Philippe Torreton fait revivre sur grand écran le véritable calvaire d'Alain Marécaux, un homme faussement accusé de crimes pédophiles.

Pire cauchemar ne pourrait exister. Imaginez qu'un beau matin, les flics se présentent à votre porte pour vous mettre en état d'arrestation. Avec la rage de ceux qui, sans procès, vous traitent déjà de sale ordure. On vous accuse de crimes très graves. Des actes horribles de pédophilie. Que vous n'avez jamais commis. Treize autres personnes, parmi lesquelles votre propre femme, sont aussi accusées. Mais les soi-disant preuves recueillies sur vous sont encore plus accablantes que les autres.

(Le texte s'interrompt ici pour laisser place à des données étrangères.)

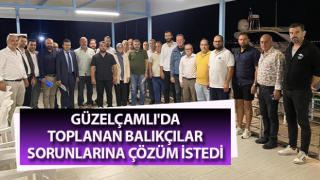 Balıkçılar sorunlarına çözüm istedi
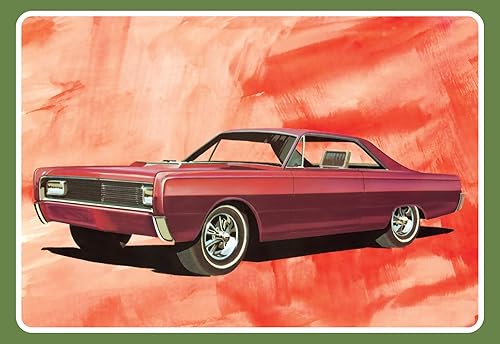 AMT AMT1098 1966 Mercury Hardtop Model Kit, blanco, escala 125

On vous jette en prison. Vous y resterez quelques années. Jusqu'à ce qu'on reconnaisse enfin votre innocence.

Ce calvaire est vraiment arrivé à Alain Marécaux il y a un peu plus de 10 ans. Cet homme, huissier de profession, a été victime d'une épouvantable erreur judiciaire.

«L'affaire d'Outreau» avait évidemment fait grand bruit à l'époque dans les médias français. À la publication de l'ouvrage Chronique de mon erreur judiciaire, un journal qu'Alain Marécaux a tenu pendant son incarcération, le cinéaste Vincent Garenq (Comme les autres) a eu l'idée de tirer un long métrage relatant cette histoire.

Philippe Torreton, dont le rôle le plus célèbre au cinéma reste celui du Capitaine Conan (Bertrand Tavernier, 1996), propose dans Présumé coupable une composition marquante. En se glissant dans la peau de l'homme faussement accusé, l'acteur reconnaît avoir vécu une expérience très particulière.

«Bien entendu, j'avais entendu parler de cette histoire à l'époque, confie-t-il au cours d'une entrevue accordée à Paris. N'étant pas très friand des nouvelles judiciaires, je ne connaissais pas vraiment l'enchaînement des faits, ni toute l'absurdité kafkaïenne de cette affaire. Quand j'ai lu le scénario du film, j'ai été bouleversé. Comment une justice peut-elle s'aveugler à ce point? En principe, son rôle est de traquer la vérité. Or, on s'est aperçu à travers cette affaire que la justice n'avait point besoin de vérité pour fonctionner. Cette histoire prouve qu'elle répond parfois à sa propre logique interne.»

Un modèle brisé

Pour écrire son scénario, Vincent Garenq a tenu à consulter Alain Marécaux. Cette démarche a tout de suite mis Philippe Torreton en confiance. L'acteur a aussi dû s'investir grandement sur le plan physique. Le faux accusé ayant un temps fait une grève de la faim pour tenter de faire entendre raison à ses geôliers, une perte de poids importante fut requise pour faire écho à cet épisode douloureux.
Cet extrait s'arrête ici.